Homer, when he talks about Odysseus coming back to help his son Telemachus, says to his son and the only servant who was faithful to them, the old Emmaus. He said, now when we go into the hall tomorrow, be sure and lock and bolt all the doors from the outside. Until Telemachus says, but, father, there are one hundred and five of them. And Odysseus says to his son, we will have allies. And Telemachus says, father, who? Which allies? He says, father Zeus and Athena will be there. And Telemachus says, father, these are mythic figures. These are myths. Odysseus grabs his son by the throat and says they'll be there. And they were. It's this quality where the presence of the divine is a participation in the mystery of nature, and we must not mistake existence for nature. Existence, as we will find, is a ritual comportment that is founded on forms that hold in what we do, and in processes that continue the relationality, so that what we do links together through these processes and we have not only life, but we have the materia of atoms and molecules and elements and stuff. All of this is difficult enough to appreciate, but it's almost impossible to teach unless one has a cadence that delivers sets of zero and one all the time consistently. Because it's only by the consistency that one learns, almost like in a kinesthetic sense of winged words, to not stay on the page, to come off the page into life. And we will see, that in fact, when language flames into its process, the light and heat and sometimes smoke of that occurrence is what experience is. An experience flames out of existence in just that way, if one takes the arrow and rubs it into its socket, there will be that intensity, that divine passion, that transcendence, that together make that spark of the real happen.
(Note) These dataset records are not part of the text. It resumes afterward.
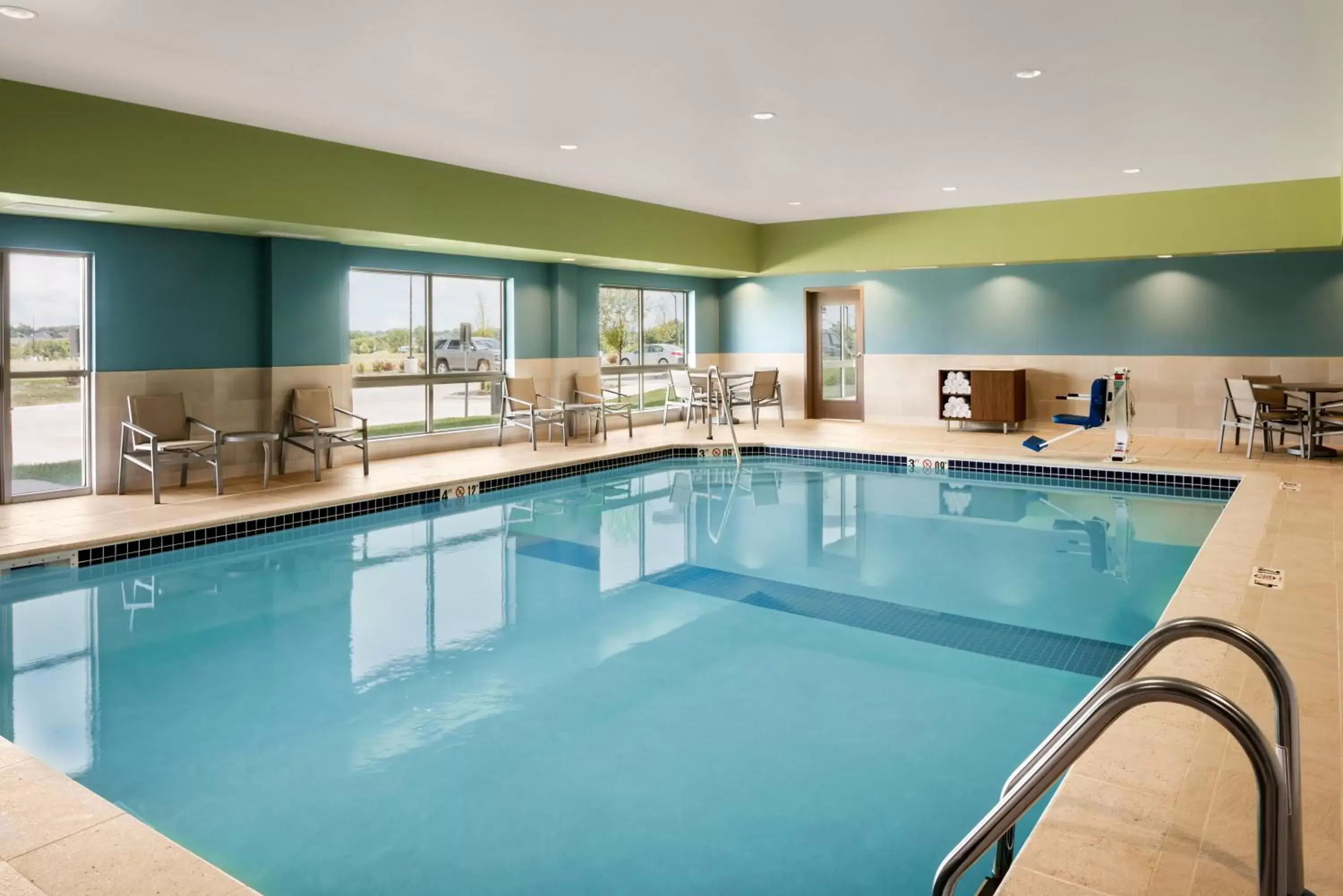 , Swimming Pool in Holiday Inn Express & Suites - West Des Moines - Jordan Creek, an IHG Hotel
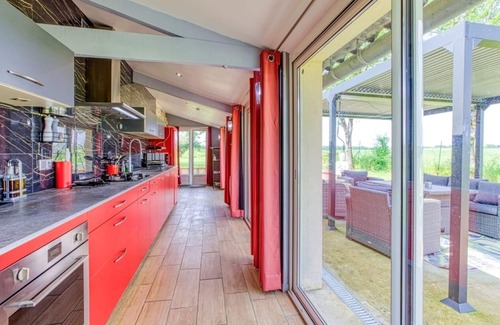 Septfonds Maison | La Belle Quercynoise avec jacuzzi extérieur partagé.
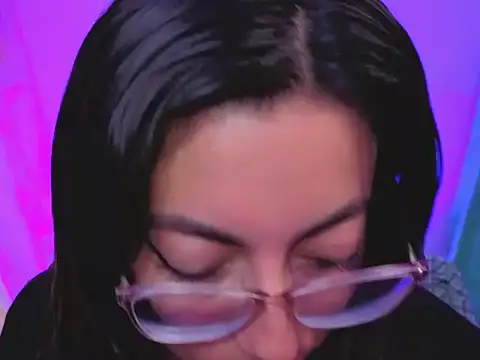 zylla storn online show from February 5, 2026, 8:19 am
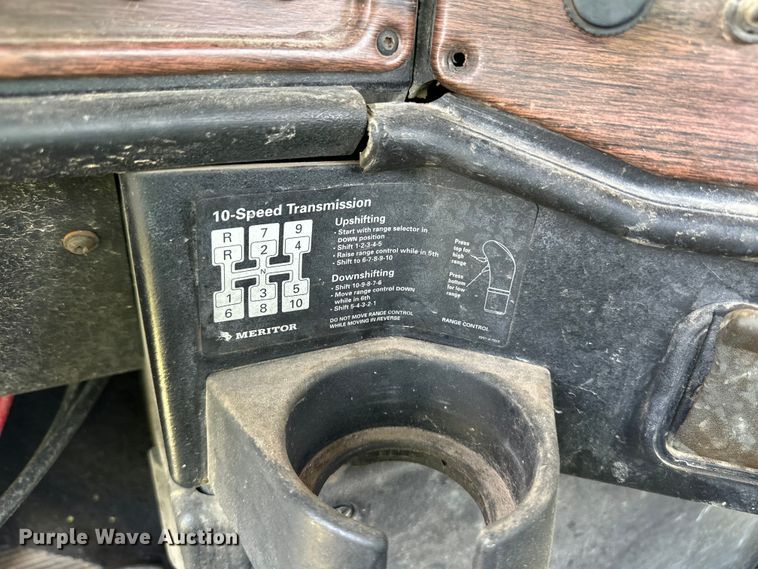 image for item DM2727 2000 Freightliner FLD semi truck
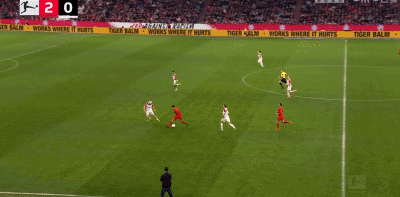 4-0血洗！1.4亿神锋单骑救主，新援双响打崩药厂，拜仁8分领跑德甲  第6张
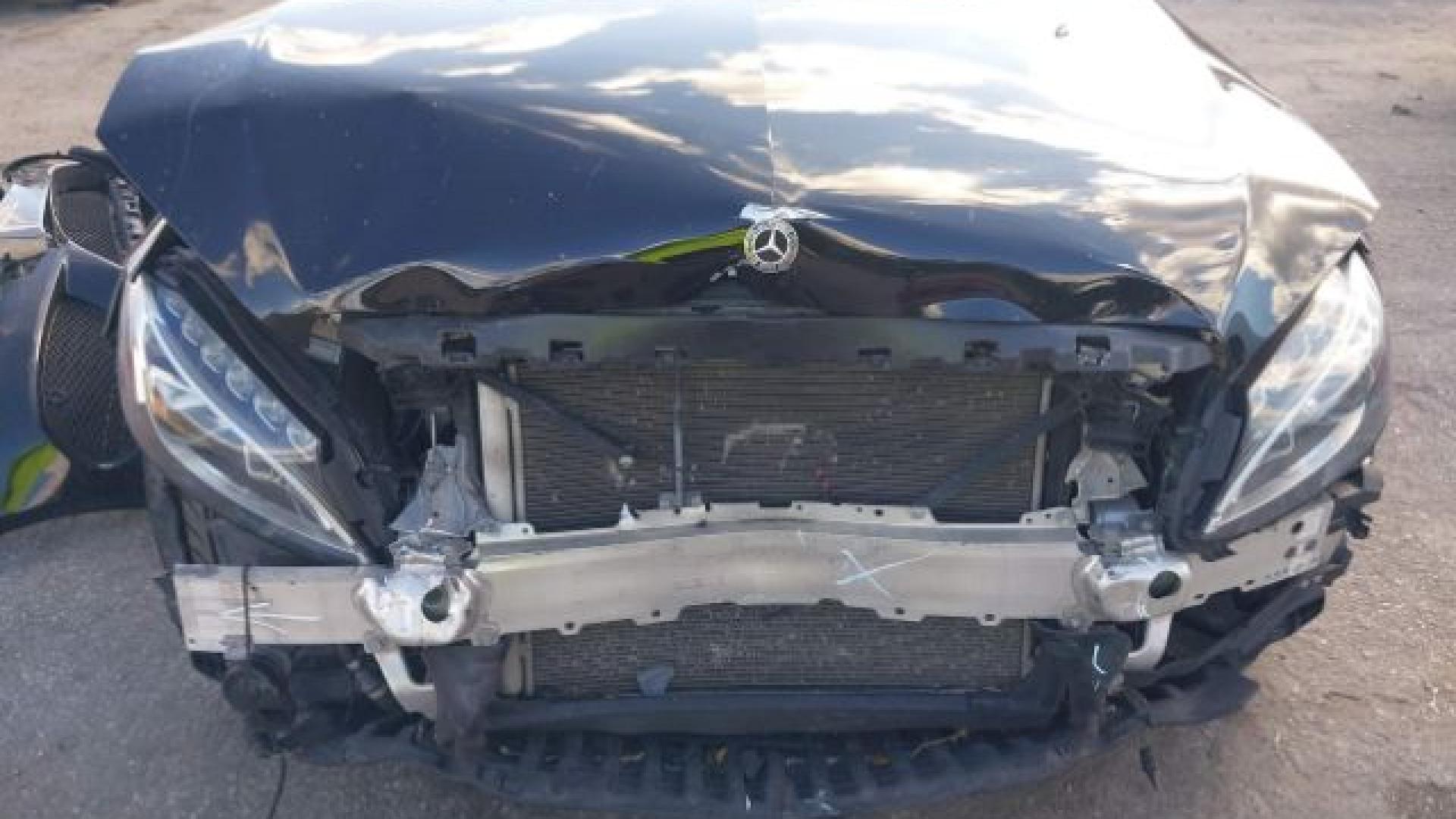 Mercedes - C300 - 2018 - Black - 40951885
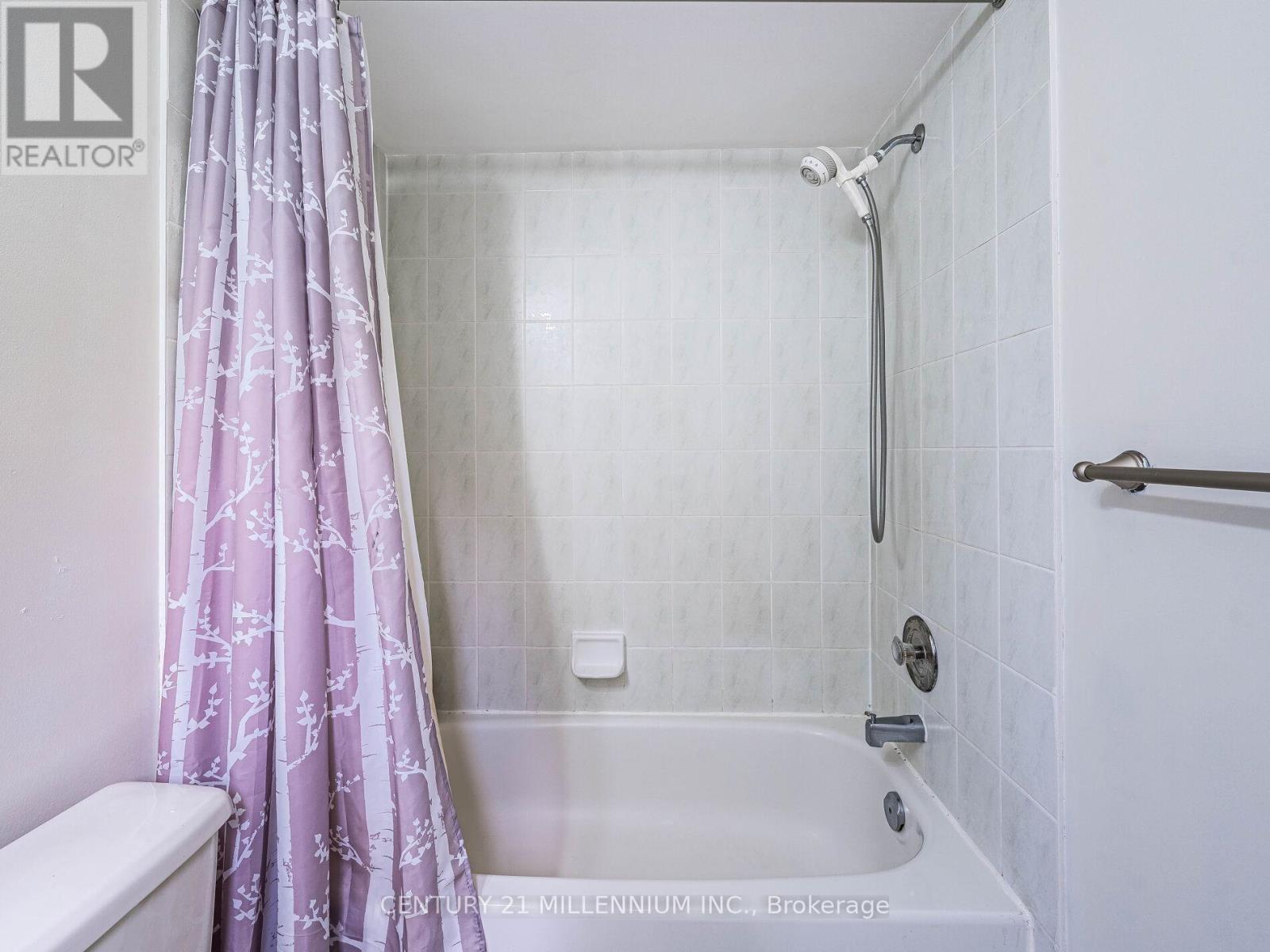 425 Elmwood Court, Oshawa, Ontario  L1G 7X8 - Photo 17 - E12430847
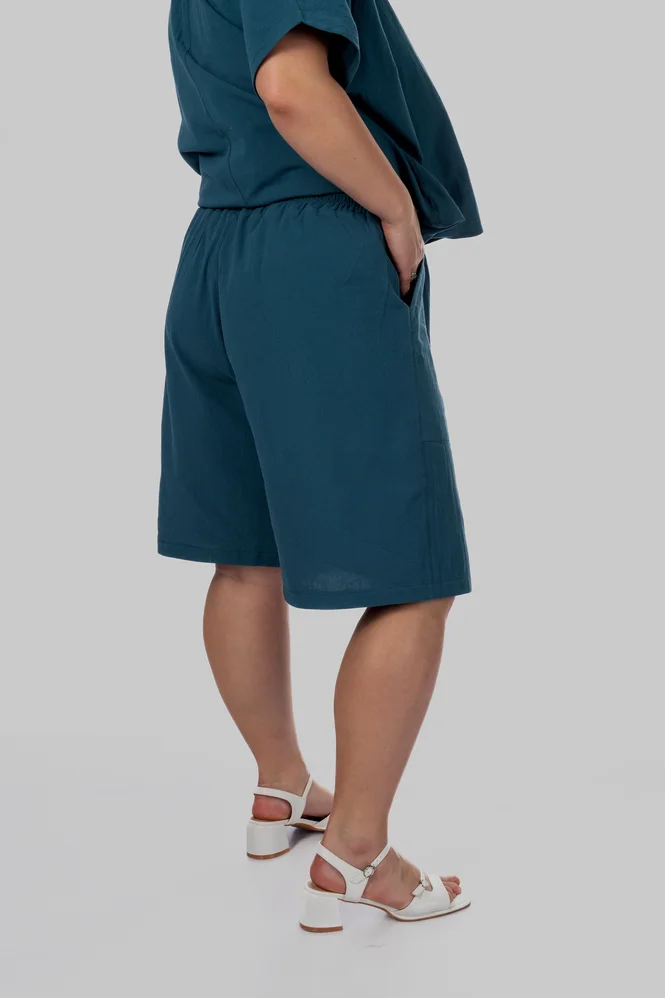 Жіночі подовжені літні шорти plus size з натуральної бавовни SAGA (бірюзовий) — фото 5 (665x998)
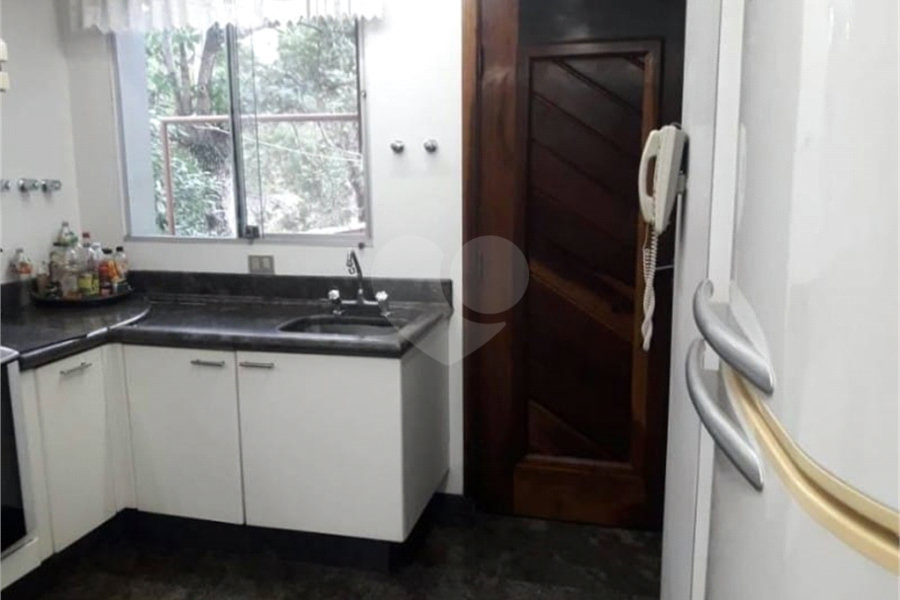 Sobrado à venda com 6 quartos, sendo 2 suítes, em Horto Florestal, São Paulo, SP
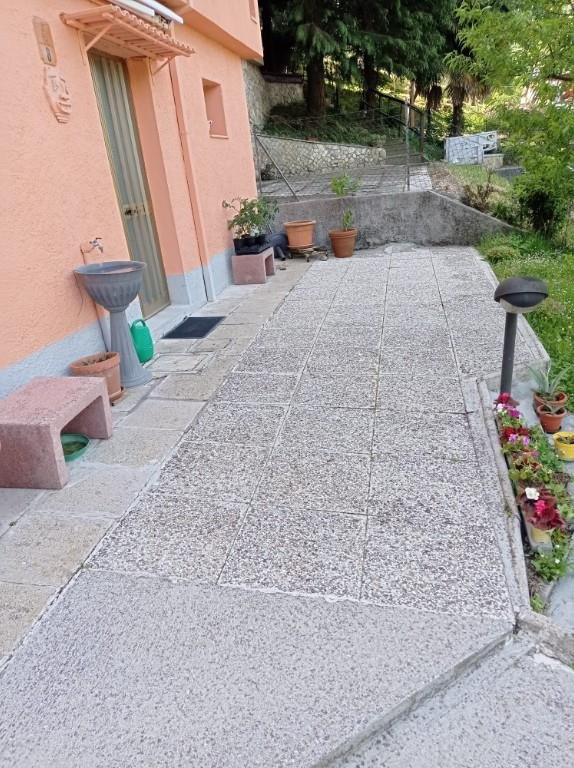 casa indipendente in vendita a Marradi in zona Biforco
And that's what a real education is for. There are many generations and centuries where it's not necessary. It's just something that's really exquisite for the few. But in times like this, where there's nothing left, there's nothing that's ever going to work again. We have to make it all from scratch. And so, we have to learn not only how to cook, but how to hunt again. And that's what's going on here.